American labor and civil rights activist (1920–2012)

Annie B. Martin (December 20, 1920 – June 12, 2012) was an American pioneer of the labor movement and the civil rights movement. A South Carolina native, Martin participated in many marches in Washington, D.C., was appointed New York state assistant commissioner of labor under three governors, served sixteen terms as president of the New York City branch of the National Association for the Advancement of Colored People, and sat on that association's national board of directors for nineteen years.

== Early life ==

Born in Eastover, South Carolina, to Jacob and Queenie Martin, Annie B. Martin was the seventh of eight children. When Martin was a small child, she was introduced by her father to labor activist A. Philip Randolph. Martin graduated Allen University in Columbia, South Carolina, became a chemist for Squibb, and was elected secretary-treasurer of Local 8-138 Oil, Chemical and Atomic Workers International Union. While at Squibb, Martin attended the funeral of Martin Luther King Jr. on behalf of her company. Martin earned master's degrees in guidance counseling and social work from New York University, and would eventually be awarded an honorary doctor of humane letters from Claflin University in Orangeburg, South Carolina.

== Labor and civil rights career ==

"She's been on the front lines against the closing of schools and the warehousing of children. She has always been there, and stands on the side of right no matter what or who is standing on the other side."
— —UFT President Michael Mulgrew

Martin participated in the 1963 March on Washington for Jobs and Freedom alongside her lifelong friend and march organizer A. Philip Randolph. Martin and Randolph marched again in 1968 to support due process for the United Federation of Teachers, a union which had shut down public schools during the New York City teachers' strike of 1968.

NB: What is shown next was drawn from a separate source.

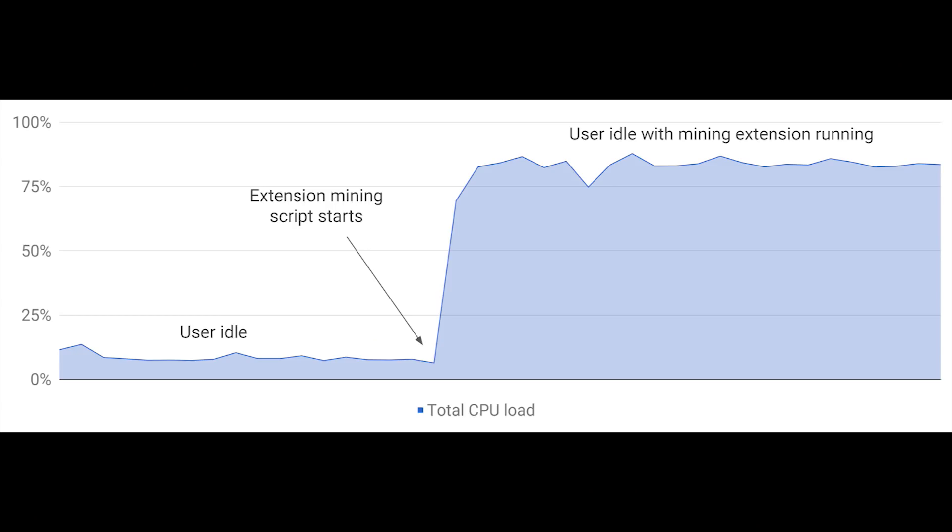Mining cryptocurrency through a Google Chrome extension takes it to the next level, especially in the aspects that people have been implementing it. What they've been doing is essentially utilizing other users' hardware and equipment — like my processor over here when it's idle — to go ahead and mine to make money, not for the user, but for the person that developed the extension.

A recipient of the Ellis Island Medal of Honor, Martin served as President of the NAACP New York City Branch for an unprecedented sixteen terms, and was a former First Vice-President for the Black Trade Unionists Leadership Committee. Martin served as State Assistant Commissioner under the New York governorships of Rockefeller, Wilson, and Carey, and was one of the first women to hold high office within the labor movement. Martin also served as an adjunct professor for Fordham, Columbia and New York Universities.

Among her achievements, Martin was a New YWCA Academy of Women Achievers inductee, a member of the New York City Coalition of Labor Union Women, commissioner on the Commission on the Dignity of Immigrants, and Director of Labor Participation for the American Red Cross in Greater New York. During the days following the September 11 attacks, an 81-year-old Martin served "as liaison between labor, the Red Cross and the NYFD and NYPD departments. This remarkable woman coordinated survival and job-placement issues for hundreds of members of organized labor and personally processed 290 claims for American Red Cross Emergency Family Gifts to families' beneficiaries who lost members at 'Ground Zero.'

==Death==
Martin died in Harlem, New York City, on June 12, 2012, at the age of 91. The memorial service was held at Greater Bethel AME Church in Harlem, where she had been a member for many years. After Martin's death, a resolution was adopted by the New York State Senate paying tribute to her life and career. U.S. Representative Charles B. Rangel extended his remarks to the House on June 19, 2012, to celebrate the life and mourn the loss of Dr. Martin. In his remarks, Rangel stated: "Affectionately known to many of us as Chief or simply Annie B, Dr. Martin was a devoted and dedicated member of the NAACP National Board of Directors. With her soft, but outspoken voice she led by example and with dignity."